Inoue T, Inoue T, Ikeda H, Teshima T, Yamazaki H, Murayama S, Othani M, Ozeki S
Department of Radiation Oncology, Osaka University Medical School, Japan.
Strahlenther Onkol. 1993 Oct;169(10):584-9.
There were a few reports to compare the treatment results of glottic and supraglottic carcinoma. We investigated the difference of glottic and supraglottic carcinoma. From 1967 through 1985, 338 cases with early glottic (T1: 210, T2: 52) and supraglottic carcinoma (T1: 34, T2: 42) were treated with the conventional fractionation of radiation and evaluated the tumor response during radiation at the Department of Radiology, Osaka University Hospital. The ten-year actuarial survival rates of T1, T2 glottic and T1 and T2 supraglottic carcinoma were 63%, 64%, 58% and 46%, the corresponding ten-year cause-specific survival rates 92%, 89%, 88% and 78%, and the corresponding ten-year local control rates 76%, 67%, 69% and 59%, respectively. Tumor clearance rates of T1 and T2 glottic and T1 and T2 supraglottic carcinoma at 40 Gy were 68%, 40%, 35% and 24%, respectively. The local control rate of the tumor which disappeared at 40 Gy was 84%, that persisted at 40 Gy and disappeared at 60 Gy 69%, and that persisted at 60 Gy 33%. The local control rate and the tumor clearance rate of T1 glottic carcinoma were the highest among early laryngeal carcinoma, and those of T2 glottic carcinoma were the same as those of T1 supraglottic cases. The local control rate, the cause-specific survival rate, and the actuarial survival rate of T2 supraglottic were significantly lower than other cases.

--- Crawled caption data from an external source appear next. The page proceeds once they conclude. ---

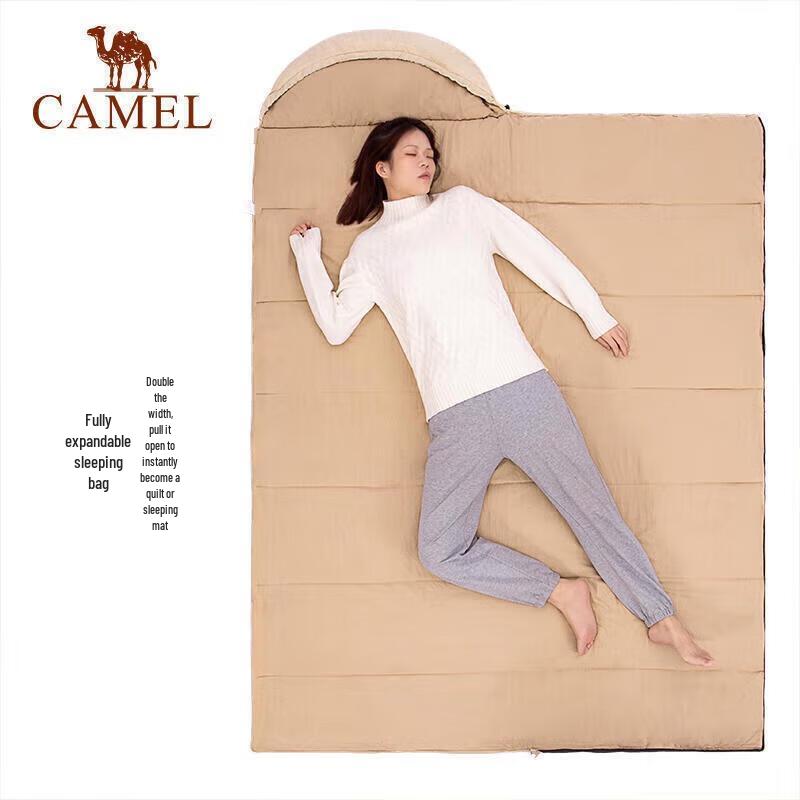 

Camel Panda Collaboration Portable Camping Sleeping Bag
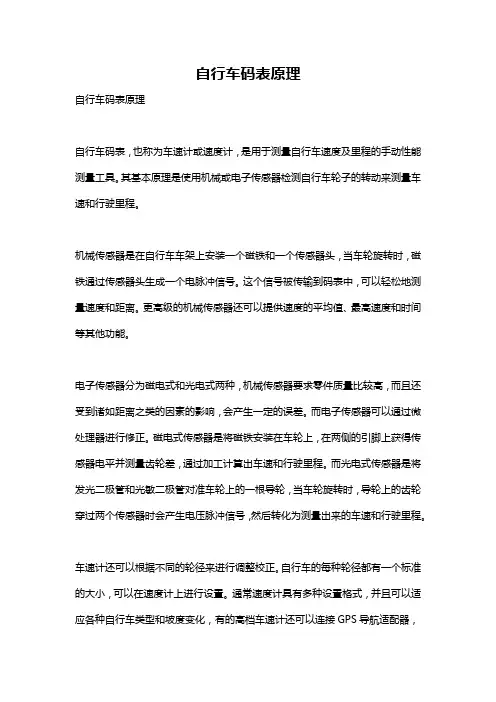 自行车码表原理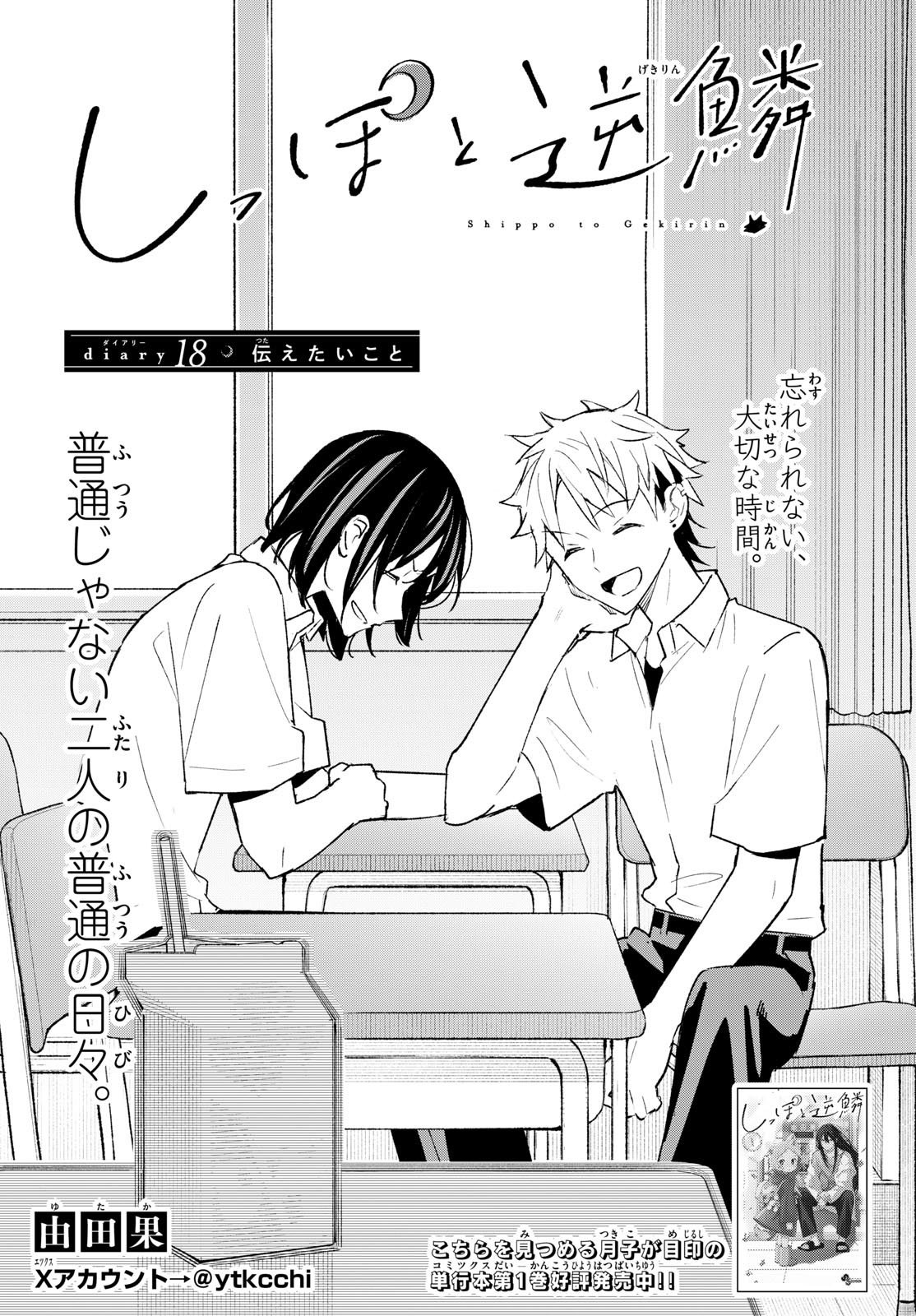 Shippo to Gekirin Chapter 18 1ページ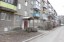 Продажа квартиры Электросталь, Пионерская, 18 литер А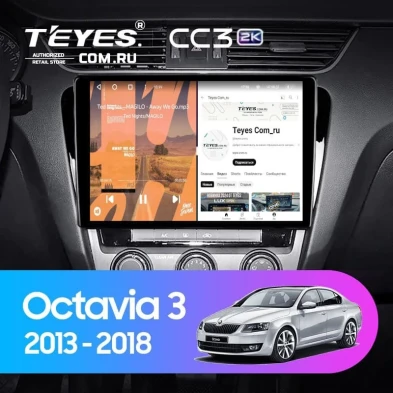 Штатная магнитола Teyes CC3 2K 6/128 Skoda Octavia 3 A7 (2013-2018) Тип-B (11")
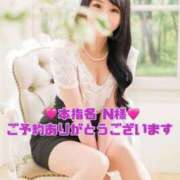 ヒメ日記 2025/12/21 12:43 投稿 リョウ MEGA PALACE(メガパレス）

有一些报告比较了声门癌和声门上癌的治疗结果。我们研究了声门癌和声门上癌的差异。1967年至1985年期间,大阪大学医院放射科对338例早期声门癌(T1:210例,T2:52例)和声门上癌(T1:34例,T2:42例)采用传统分割放疗,并评估放疗期间的肿瘤反应。T1、T2声门癌以及T1和T2声门上癌的十年精算生存率分别为63%、64%、58%和46%,相应的十年病因特异性生存率分别为92%、89%、88%和78%,相应的十年局部控制率分别为76%、67%、69%和59%。T1和T2声门癌以及T1和T2声门上癌在40 Gy时的肿瘤清除率分别为68%、40%、35%和24%。在40 Gy时消失的肿瘤的局部控制率为84%,在40 Gy时持续存在并在60 Gy时消失的肿瘤的局部控制率为69%,在60 Gy时持续存在的肿瘤的局部控制率为33%。早期喉癌中,T1声门癌的局部控制率和肿瘤清除率最高,T2声门癌的局部控制率与T1声门上癌的相同。T2声门上癌的局部控制率、病因特异性生存率和精算生存率显著低于其他病例。